Karlsson scores OT winner as Golden Knights thwart Sharks' comeback bid
Vegas recovers from blown 3rd-period lead to take 2-1 series advantage
William Karlsson and the expansion Vegas Golden Knights proved they can handle some adversity just as well as they can thrive as front-runners like they did most of their inaugural season.
The Golden Knights bounced back after allowing a late tying goal in regulation when Karlsson scored 8:17 into overtime to lead Vegas to a 4-3 victory over the San Jose Sharks on Monday night and a 2-1 series lead.
"I think it's good for the morale," Karlsson said. "We showed great attitude. Again, they came back. It was tough, too, but we gave someone a chance to be an overtime hero."
Karlsson was that hero — just as he has been so much this season. He scored 43 goals in the regular season and has added three more this series, but none was bigger than the wrist shot in transition that beat Martin Jones high to the stick side, sending the Golden Knights into a wild celebration around the player knows as Wild Bill.
It was an impressive bounce back from their first loss of the playoffs in double overtime at home in Game 2 and wouldn't have been possible without Marc-Andre Fleury, who made 39 saves to hold off an early push by the Sharks and then robbed Logan Couture with a glove save in overtime.
"I was looking at the guy with puck. I just tried to follow the pass and get out there a bit and I had a little time to react on it," Fleury said. "It was a good feeling."
Sharks' rally comes up short
The Sharks rallied to tie the game and force a second straight overtime with two goals in the third period. Evander Kane scored just seconds after the end of a power play midway through the third to set the stage for Hertl.
Hertl drove to the net with a strong power move. With the Sharks swarming in front of Fleury, Hertl whacked at a loose puck and knocked it in for the equalizer with 1:57 to go, sending the towel-waving crowd into a frenzy.
"I believe our game's there and I think everyone in here would tell you that," captain Joe Pavelski said. "We got caught on the wrong end of it tonight. We had a big one the other night."
Colin Miller, Jonathan Marchessault and Reilly Smith scored in a span of less than five minutes in the second period to put the Golden Knights in control, but they couldn't hold onto the lead.

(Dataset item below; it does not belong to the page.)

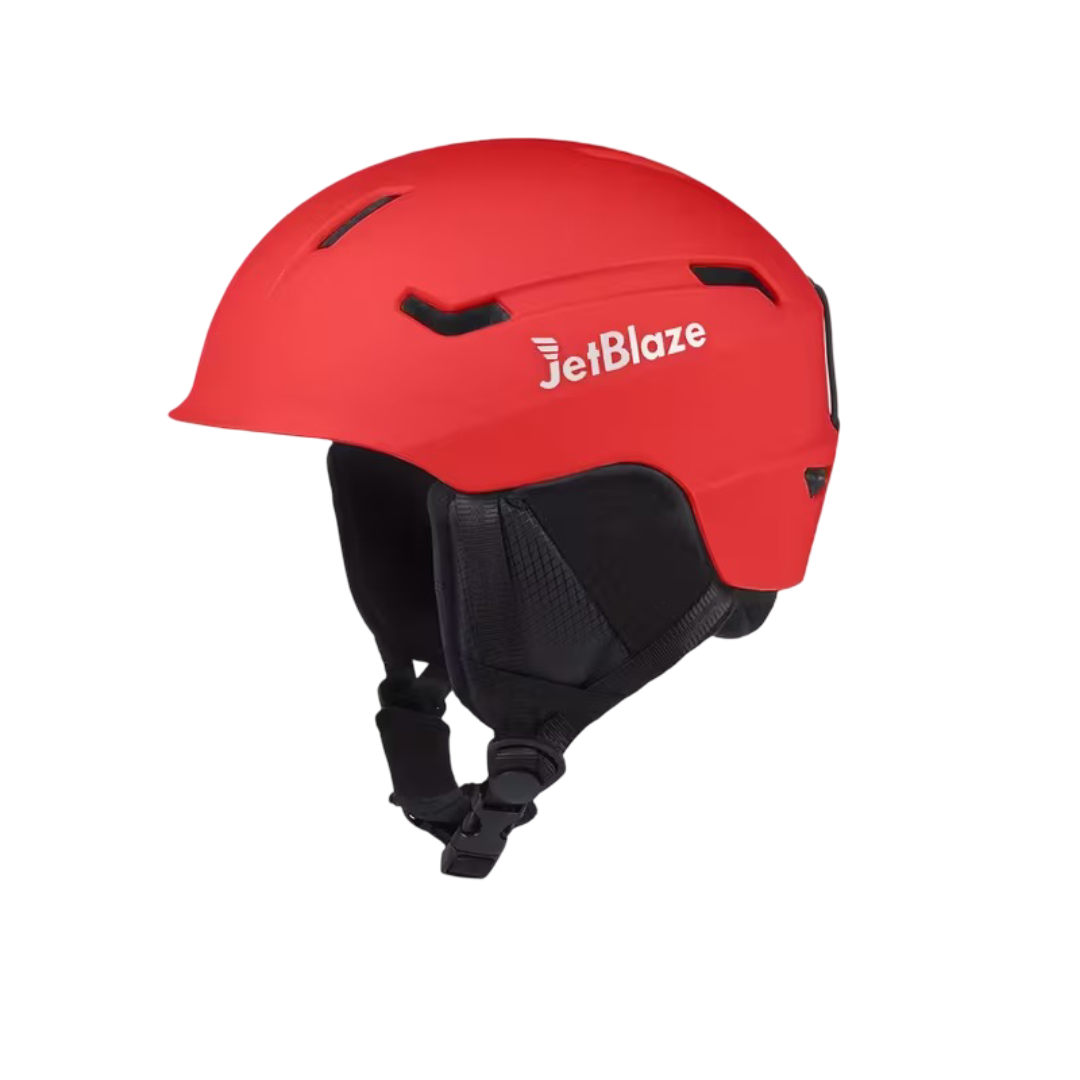 Шлем JetBlaze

Timo Meier opened the scoring with a power-play goal for the Sharks, but undisciplined play in the second period helped erase that lead and put San Jose in a hole.
Brenden Dillon held David Perron to give Vegas a power play less than a minute after Meier's one-timer off a perfect cross-ice pass from Chris Tierney gave the Sharks the lead.

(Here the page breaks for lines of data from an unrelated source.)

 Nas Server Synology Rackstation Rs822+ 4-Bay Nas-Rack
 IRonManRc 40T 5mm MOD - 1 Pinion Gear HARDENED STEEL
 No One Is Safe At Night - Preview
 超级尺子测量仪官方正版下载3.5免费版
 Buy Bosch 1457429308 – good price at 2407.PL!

San Jose had an 11-1 edge in shots on goal in the period at that point as the Sharks were controlling the play. But that quickly turned as James Neal held the puck below the goal line and fed Miller with a pass that Marc-Edouard Vlasic nearly broke up for a tap-in that tied the game.
About three minutes later, Hertl was called for roughing Neal well behind the play, giving the Golden Knights another chance with the man advantage.
They converted again when Marchessault one-timed a cross-ice pass from Alex Tuch past Jones to give Vegas the lead.
Smith then capped the three goals in 4:46 when Marchessault fed Karlsson, who was left alone at the side of the net. He deftly sent a blind, backhand pass through the crease to Smith, who tapped it in for the 3-1 lead.
"He's got eyes in the back of his head sometimes," Smith said. "He's a great player and he makes great plays."
The Sharks came out energized by a raucous crowd and the presence of celebrity door opener and San Francisco 49ers quarterback Jimmy Garoppolo in their first home game of the series.
San Jose got 16 shots on goal in the first period, but were unable to get anything past Fleury, who rebounded well from his first loss of the post-season.
"To come out of that first period 0-0, we need to find a way to get the lead," coach Peter DeBoer said. "We're chasing the game the whole series here. Even when we have a quick start like tonight, Fleury is shutting the door and finding the way to let them hang around until they can get something going, which is what happened."